■ **Collected data**:
▶
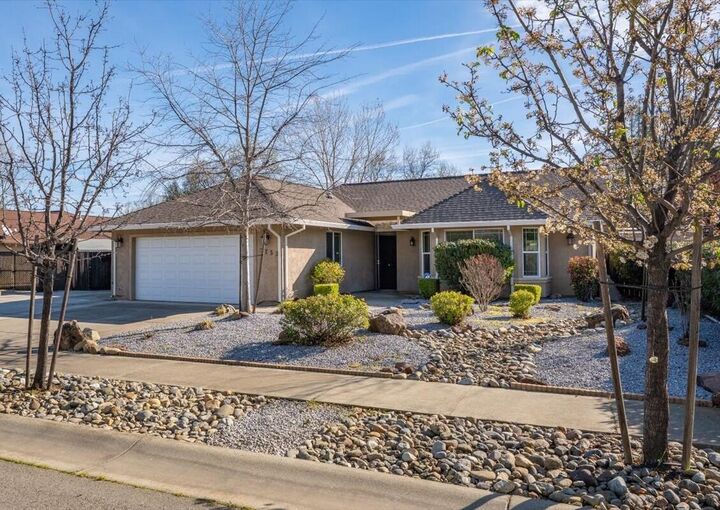 Property Photo: 7253 Legacy Court CA 96001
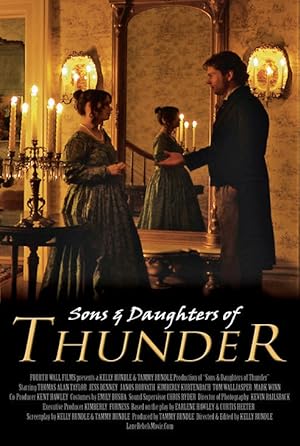 Sons & Daughters of Thunder
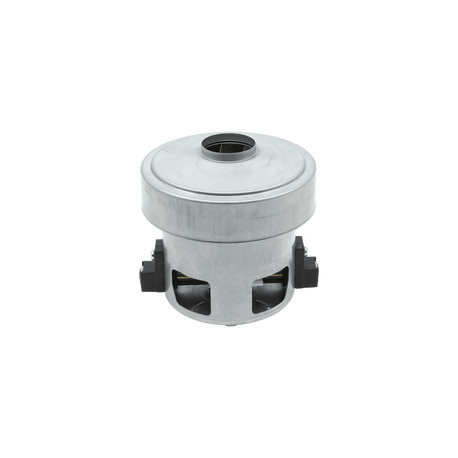 Двигун для пилососа Rowenta, VC07W30400H, PTC02, 1400 Вт, D106 мм, H109 мм, з буртом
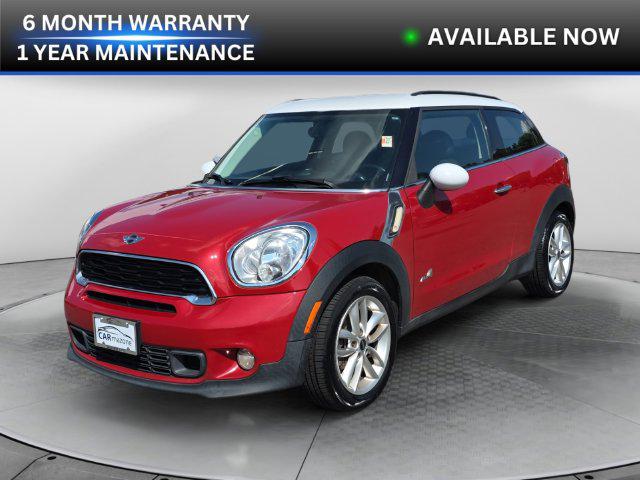 2013 MINI Paceman Cooper S for sale in Salisbury, NC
◀
■ **Assigned task**: Extract word for word every line from the line that contains "Sons & Daughters of Thunder" to the final line of the data, both included, and nothing else; skip the pictures.

■ **Answer for this exercise**:
 Sons & Daughters of Thunder
 Двигун для пилососа Rowenta, VC07W30400H, PTC02, 1400 Вт, D106 мм, H109 мм, з буртом
 2013 MINI Paceman Cooper S for sale in Salisbury, NC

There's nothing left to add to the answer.